Unlocking an objective, by completing a prior one.
Unlocking an objective, by completing a prior one.

As I was finishing this up I realized that it would be possible to technically complete an objective before it became active (for example capturing a specific base or defeating a specific enemy). So, instead of restricting my ability to build future possible missions I wanted to add a check on inactive missions to check for advancement or completion. This was a simple boolean that I called [Can Accept Prior Progress], if true: means the objective gets updated, even if inactive. I also have to do an additional check after unlocking an objective to make sure it hasn't already been completed, in which case I need to animate the strikethrough at the same time as it unlocks and gets added to the HUD.


Upon my testing that these checks were working, I found a few bugs that needed to get worked out:


1) Some of the enemies were being counted twice for the defeat enemy objectives.

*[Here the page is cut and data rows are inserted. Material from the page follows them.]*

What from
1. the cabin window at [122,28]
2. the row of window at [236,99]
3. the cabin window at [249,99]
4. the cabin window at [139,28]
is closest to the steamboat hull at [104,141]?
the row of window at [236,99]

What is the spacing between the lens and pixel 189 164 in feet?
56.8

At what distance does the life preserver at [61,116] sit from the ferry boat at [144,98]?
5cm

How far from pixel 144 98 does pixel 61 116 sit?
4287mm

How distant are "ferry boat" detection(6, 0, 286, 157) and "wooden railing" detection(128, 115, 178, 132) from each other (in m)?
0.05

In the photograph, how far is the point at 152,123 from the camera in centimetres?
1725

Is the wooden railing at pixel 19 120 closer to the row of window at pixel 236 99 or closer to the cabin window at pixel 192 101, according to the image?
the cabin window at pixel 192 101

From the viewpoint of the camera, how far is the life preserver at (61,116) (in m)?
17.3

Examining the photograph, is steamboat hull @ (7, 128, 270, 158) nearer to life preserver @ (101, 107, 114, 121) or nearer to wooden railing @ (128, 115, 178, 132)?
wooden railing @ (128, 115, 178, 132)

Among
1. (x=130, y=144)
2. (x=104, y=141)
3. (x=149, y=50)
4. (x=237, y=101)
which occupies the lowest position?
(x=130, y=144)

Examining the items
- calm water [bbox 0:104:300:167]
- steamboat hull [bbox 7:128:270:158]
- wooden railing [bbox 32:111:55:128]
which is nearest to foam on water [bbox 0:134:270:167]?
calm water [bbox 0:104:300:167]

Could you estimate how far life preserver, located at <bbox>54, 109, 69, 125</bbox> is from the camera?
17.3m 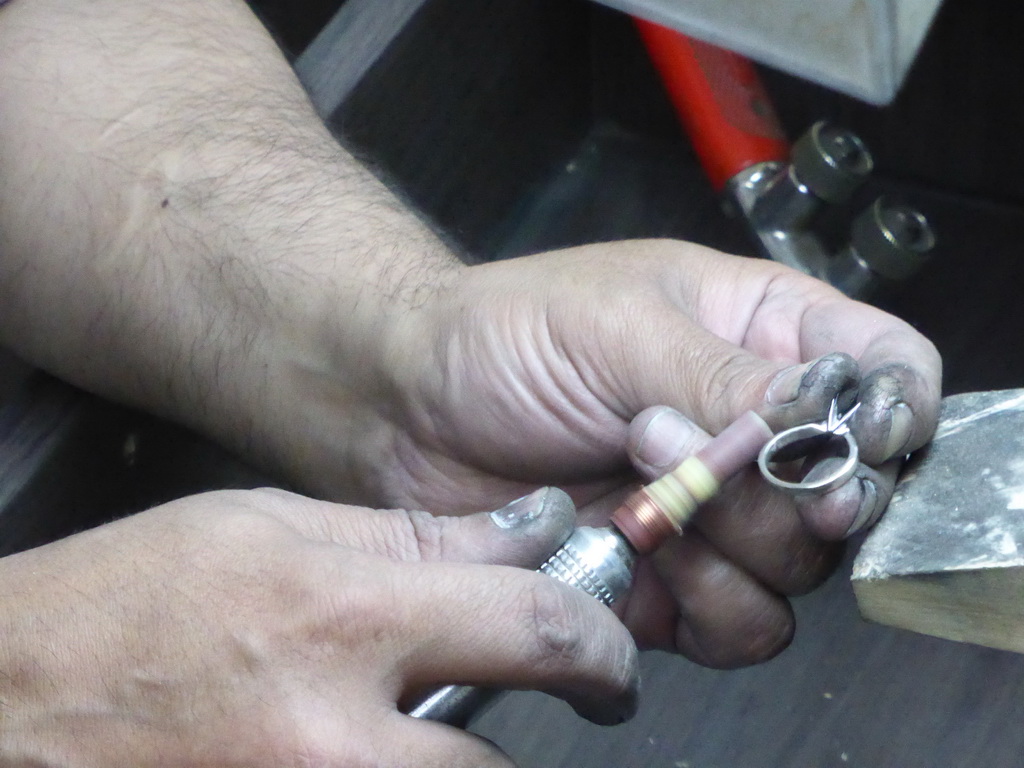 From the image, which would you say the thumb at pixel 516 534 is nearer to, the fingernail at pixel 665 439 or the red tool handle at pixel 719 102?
the fingernail at pixel 665 439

After extensive testing, I discovered that the double count only happened when the base got captured. Doing some debugging I discovered that because I hadn't given anything a specific name, nor a name to look for, the name comparison was returning true without even looking at the Gameplay Tags (I also discovered that I was comparing Tags incorrectly). The first thing I did was change the objective checking to only check the name of the ID if a specific name was given to look for; otherwise it would only compare Gameplay Tags. Then, I discovered that instead of just comparing two Tag Containers with an [Equals] node, they have to get compared to a Tag Query struct using the [Does Container Match Tag Query] node. Once I got that set up, and changed the Objective ID variable in the Objective struct to include a Tag Query instead of a Tag Container, it worked perfectly.


2) When a mission unlocks two entries were being added to the HUD instead of just one.

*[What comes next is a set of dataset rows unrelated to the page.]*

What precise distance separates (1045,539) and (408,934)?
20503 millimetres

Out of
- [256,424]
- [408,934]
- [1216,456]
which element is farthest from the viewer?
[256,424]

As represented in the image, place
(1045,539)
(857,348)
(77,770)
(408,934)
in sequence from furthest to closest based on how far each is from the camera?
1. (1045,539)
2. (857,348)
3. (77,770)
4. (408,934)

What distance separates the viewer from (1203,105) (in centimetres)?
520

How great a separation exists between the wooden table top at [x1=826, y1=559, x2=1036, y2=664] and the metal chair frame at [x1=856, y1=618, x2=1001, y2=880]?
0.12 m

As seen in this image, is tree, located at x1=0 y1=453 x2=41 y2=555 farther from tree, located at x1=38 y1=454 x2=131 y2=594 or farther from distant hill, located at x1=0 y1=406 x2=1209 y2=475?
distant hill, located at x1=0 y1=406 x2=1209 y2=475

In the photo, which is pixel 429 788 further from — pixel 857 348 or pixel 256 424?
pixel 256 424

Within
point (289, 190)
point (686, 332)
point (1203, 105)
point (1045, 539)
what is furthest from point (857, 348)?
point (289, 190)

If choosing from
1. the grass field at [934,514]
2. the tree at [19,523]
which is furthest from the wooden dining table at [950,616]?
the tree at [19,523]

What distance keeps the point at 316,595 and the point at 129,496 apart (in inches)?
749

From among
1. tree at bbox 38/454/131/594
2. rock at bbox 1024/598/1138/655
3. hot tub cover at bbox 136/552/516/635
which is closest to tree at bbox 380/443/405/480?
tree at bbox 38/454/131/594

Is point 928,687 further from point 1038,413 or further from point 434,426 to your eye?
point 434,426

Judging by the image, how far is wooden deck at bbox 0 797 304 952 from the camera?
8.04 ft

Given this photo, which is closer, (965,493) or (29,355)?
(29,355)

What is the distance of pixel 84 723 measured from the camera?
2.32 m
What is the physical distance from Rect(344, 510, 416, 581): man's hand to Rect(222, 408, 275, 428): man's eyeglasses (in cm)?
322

This one was interesting. Originally, during my debugging for this, I found out that an additional objective labeled "None" was getting added during one of my many for loop checks. So I implemented additional safeguards to make sure that would stop happening, but the double objective entries still kept showing up. I managed to fix it by changing a count check for the number of displays saved in the objective struct and instead of checking against a hard coded number, I checked against the number of cached HUDs. I still don't understand why it was happening, nor how I fixed it, but at this point I would take it.


3) Once an objective gets unlocked it would not only show the incorrect number of enemies defeated, but also not update further (although it would correctly cross out on completion).

This one appeared obvious to me, somewhere a map and a structure wasn't getting updated with either the new text or a reference to the original text box. After going through my code with a fine tooth comb and eventually working my way backwards I discovered that the new text display was, in fact, getting added to the main saved location, but the incrementing was happening in a locally saved map value within a function for use in a for each loop. So what I did was create a new Update function that would take references for the struct map values and the keys that needed to be updated and put that function at the end of every branch I could find.


4) Not so much a bug, but that objectives should stop updating when completed and should not go past the completion value.

This was easy I just put an additional check in the increment and decrement function to not just only progress if the objective is active (or inactive and can accept prior progress), but also check that the current value is less or greater than the required value, respectively.


And finally, I made a couple of mission complete screens, one for a victorious player and one for a defeated player. I had to make a quick function that checked that all mission objectives were completed (or were optional) and if so, it triggers a dispatcher. Once I start building menus and other levels I'll have to put in a timer and level transition, and when I build the AI it will have to turn them off, but for now the player can still run around and do things, they just can't see their HUD.